The tax credit is the result of offsetting payments linked to its bonus scheme for staff.
Facebook said in March it would no longer route advertising sales through Ireland for its largest advertisers.
That change, which took effect on 1 April, should mean the US company starts paying millions of pounds more in tax in the UK.
A
spokesperson for Facebook said: "We are proud that in 2015 we have
continued to grow our business in the UK and created over 300 new high
skilled jobs. We pay all the taxes that we are required to under UK
law."
The figures were revealed in Facebook UK's accounts, which were published on Companies House on Sunday.

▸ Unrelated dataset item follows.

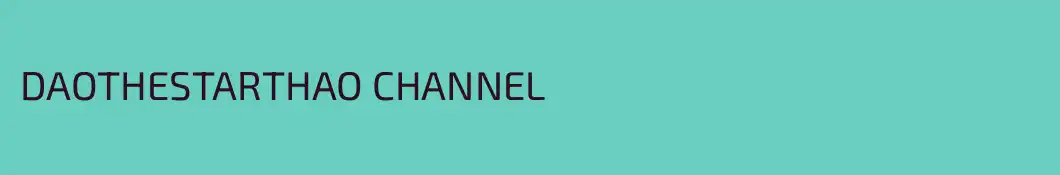DAOTHESTARTHAO CHANNEL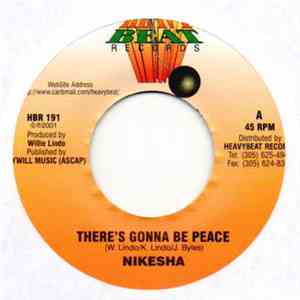 Nikesha - There's Gonna Be Peace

Richard Murphy, a chartered accountant and professor of practice in
international political economy at City, University of London, said it
was difficult to determine whether Facebook was paying the right amount
of tax in Britain.
"Facebook's UK accounts do not represent its
real sales in this country, which are actually booked in Ireland with
their true value never being disclosed," he said.
'Exercise in opacity'
"The
Facebook UK accounts just record the costs it incurs in the UK, with a
bit of profit added on to keep HMRC happy. That's not good enough in the
current climate.
"Facebook UK's accounts are an exercise in
opacity when what we really need is transparency. If accountants
continue to refuse to provide what users of accounts need then it will
be time for the government to act."
Tax specialist Jo Maugham QC
said: "Facebook's accounts are rather opaque. But we can be confident
that the structure of its business continues to be driven by the desire
to make the smallest possible financial contribution to the public
infrastructure it uses."
Analysis
Theo Leggett, business reporter
When
Facebook revealed it had paid just £4,327 in tax in 2014, there was a
storm of protest from campaigners. Like other digital era
multinationals, it has come under fire for doing a great deal of
business here, but paying very little into the national coffers.
2015's
bill looks decidedly steeper, but it still appears to bear little
relation to the amount of business actually being done by the company.
It is based entirely on revenues from engineering and marketing services
supplied to other parts of the Facebook group.
It will be
different in future. The company agreed earlier this year to book sales
to major UK advertisers in Britain, rather than Ireland - so they will
be subject to tax here.
Although this won't include sales made over the internet, it should still mean a much bigger payment is due for 2016.
That may go some way towards appeasing campaigners - and keeping the UK authorities at arms length.